ODC wants audit of Hispanic Chamber

The city board overseeing economic development funds requested detailed financial information from the Odessa Hispanic Chamber of Commerce as part of a review underway that comes as the struggling organization prepares to seek new public funding following the abrupt removal of its leaders last month.

The Odessa Development Corporation asked for information including a third-party audit, a copy of the organization’s bylaws and policies, and an explanation of any relationship between the city-funded nonprofit and a charity that lists the same city office as its address.

ODC President Betsy Triplett-Hurt said the city has never required a third-party audit of the Hispanic Chamber — a revelation that emerged during the review. She said an outside accounting firm handles the organization’s bookkeeping but the scope of that work does not include the level of detail that an audit would, such as connecting spending to receipts.

“We just don’t have that assurance, that protection of taxpayers’ money,” Triplett-Hurt said. “And we did not realize until all this came about that their contract does not require them to have an audit. Shame on us. We didn’t realize the contract doesn’t require it. So why should they? And we don’t know why it doesn’t.”

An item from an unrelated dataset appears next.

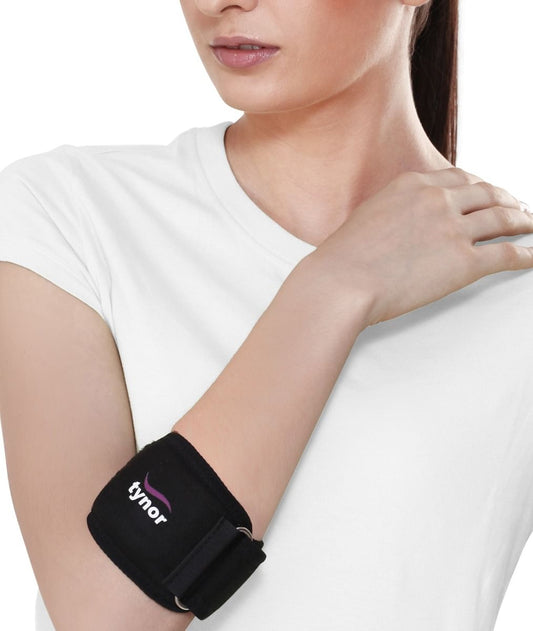 Tynor Tennis Elbow Support, Black, Large, 1 Unit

Triplett-Hurt said the Hispanic Chamber is the only organization funded by the ODC that doesn’t get the independent audits.

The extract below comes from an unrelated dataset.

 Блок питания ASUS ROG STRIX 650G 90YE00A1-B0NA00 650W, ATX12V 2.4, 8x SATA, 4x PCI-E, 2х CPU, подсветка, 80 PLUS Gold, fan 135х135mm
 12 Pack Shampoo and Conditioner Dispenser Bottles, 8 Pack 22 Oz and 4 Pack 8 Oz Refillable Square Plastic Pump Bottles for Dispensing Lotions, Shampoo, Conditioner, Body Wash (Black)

Hispanic Chamber officials say they are cooperating with the review while the organization conducts its own investigation that seeks to answer “if any misconduct was done by past leadership,” as the chamber’s Interim CEO and Chair Ben Rubio described it at a recent press conference.

Public funds budgeted for the Hispanic Chamber this year totaled more than $305,000, paid in monthly installments.

Rubio said the organization has routinely reported financial information to the city and will cooperate with the review.

“Anything the city is going to ask for we are going to try our best to give them,” Rubio said. “We are cooperating 100 percent with the city and the ODC.”

The former CEO Price Arredondo, who was abruptly fired from his paid post on March 8, has denied any wrongdoing. Arredondo’s ouster came just before he was set to present a proposal to the ODC for changes to the Hispanic Chamber that would have included ending the paid position heading the Mexico Initiatives, an effort to build business ties with Mexico.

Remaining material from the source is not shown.